Retype exactly the lines from the one containing "Zwarte fleecetak met" through the last line of the records below, including both, and leave out any pictures.

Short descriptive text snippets
****************

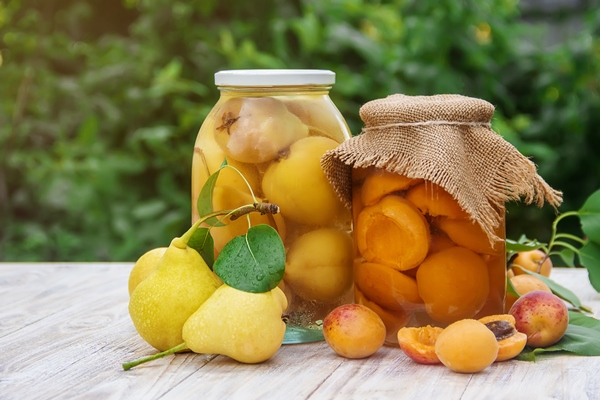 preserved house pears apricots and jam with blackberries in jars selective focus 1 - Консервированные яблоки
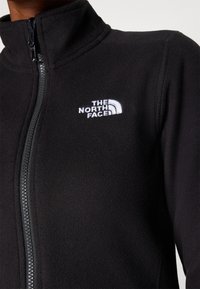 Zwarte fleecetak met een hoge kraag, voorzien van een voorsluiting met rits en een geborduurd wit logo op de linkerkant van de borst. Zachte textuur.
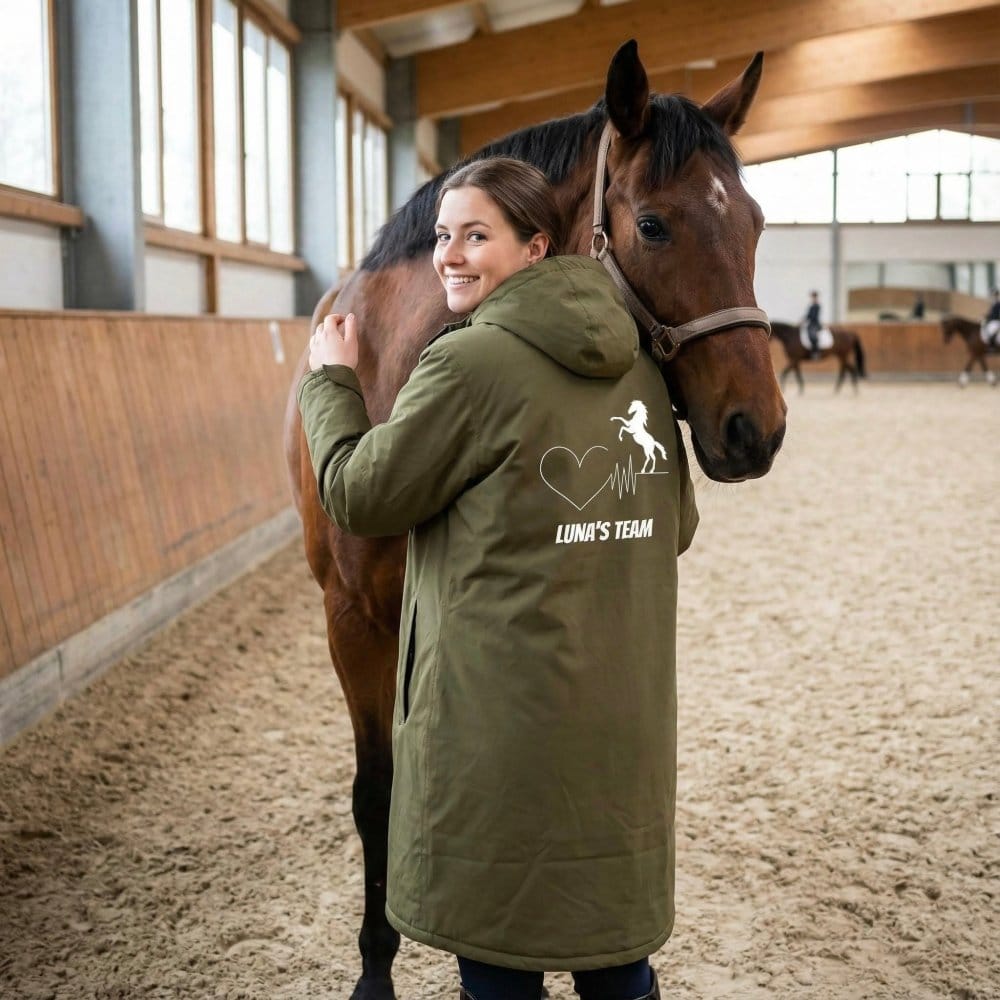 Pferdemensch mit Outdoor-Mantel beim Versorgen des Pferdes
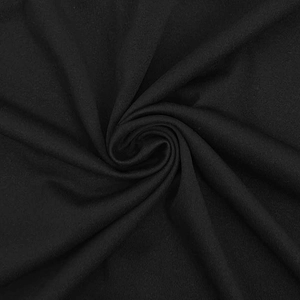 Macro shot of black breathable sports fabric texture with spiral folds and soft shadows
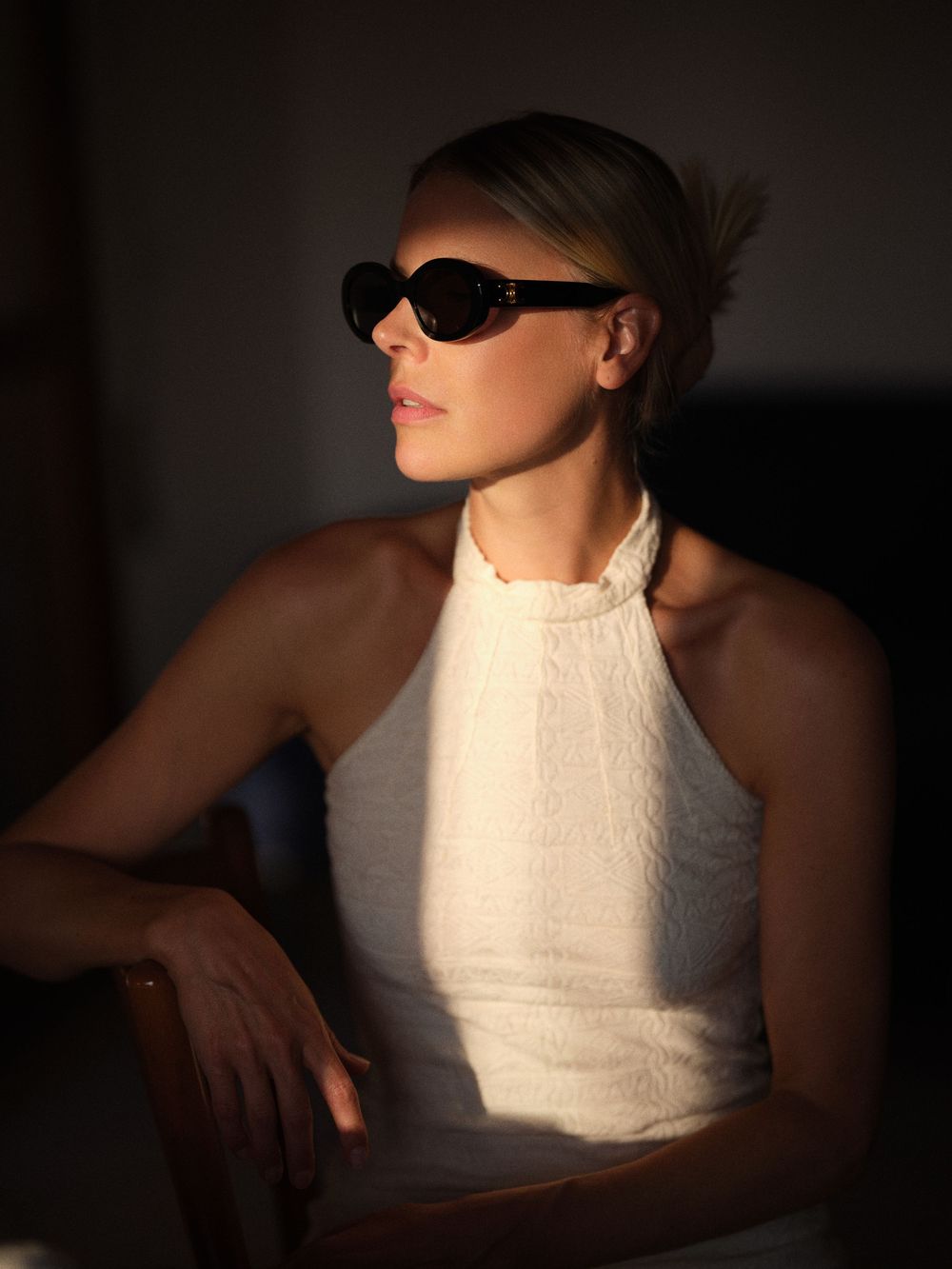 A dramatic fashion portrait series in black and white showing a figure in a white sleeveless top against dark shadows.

****************

> **RESPONSE TO THE EXERCISE**:
 Zwarte fleecetak met een hoge kraag, voorzien van een voorsluiting met rits en een geborduurd wit logo op de linkerkant van de borst. Zachte textuur.
 Pferdemensch mit Outdoor-Mantel beim Versorgen des Pferdes
 Macro shot of black breathable sports fabric texture with spiral folds and soft shadows
 A dramatic fashion portrait series in black and white showing a figure in a white sleeveless top against dark shadows.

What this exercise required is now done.